The draft National Forest Policy 2018 has raised hackles of those advocating the rights of tribal communities, with the criticism being that the proposed policy for forest management is highly flawed, detrimental to forest dwellers, and is aimed at giving corporate entities an opportunity to exploit forests for commercial gains.
The draft was unveiled by the ministry of environment and forests on March 17, and comments or suggestions were sought on it from the public by April 14. However, the response to the draft policy has been quite critical.
The CPI(M) submitted its suggestions to the environment ministry on Friday, stating that the main thrust of the policy is to privatise and commercialise forests. The note, submitted by CPI(M) leader Brinda Karat, said the law had eliminated the rights of tribal communities for access and management of forests and their produce. The Left party has demanded that the government withdraw the draft policy.

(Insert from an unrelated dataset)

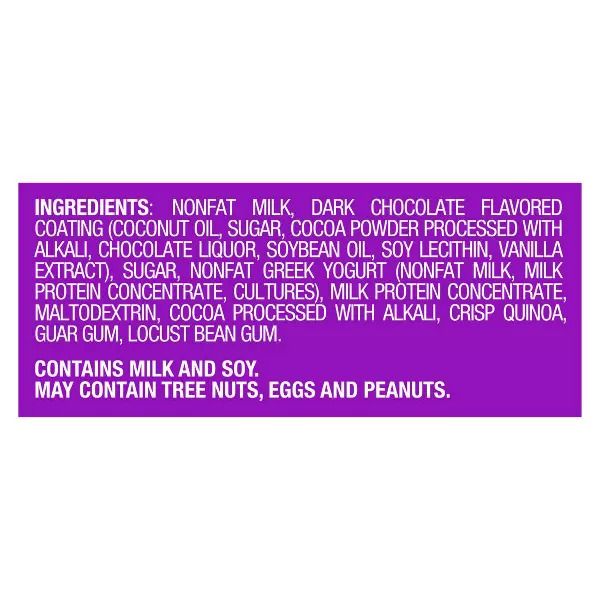 Fudge Chocolate Crunch Bar 10.6oz 4 Bars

The policy, the CPI(M) said “...is in essence a blueprint to commercialise forests to serve the interests of industry, and to bring in the private sector for the actual management of forests through the so-called public private partnership model.”
“If allowed, this will also pave the way for changing the character of natural forests to production or plantation forests,” the CPI(M) said in its note. It further said the policy, by afforestation, means planting commercially useful timber.
A civil society response, comprising the views of various non-governmental organisations, was also submitted today. The note, submitted under the aegis of Alliance for Sustainable and Holistic Agriculture, criticised the policy for its neglect of the adivasis and traditional forest dwellers.
“Strikingly important in this draft policy is the absence of the perspective and recognition that is manifest in the Forest Rights Act 2006, which seeks to address the historical injustice inflicted on the adivasis and other forest dwellers through the colonisation of the forest,” it said.
The activists also charge the government with junking a draft policy it had written in collaboration with civil society. “The ministry has to explain why a draft policy written in collaboration with civil society was retracted, why no reference to such a draft is being made anywhere, and why it had to be revised,” they said in the note.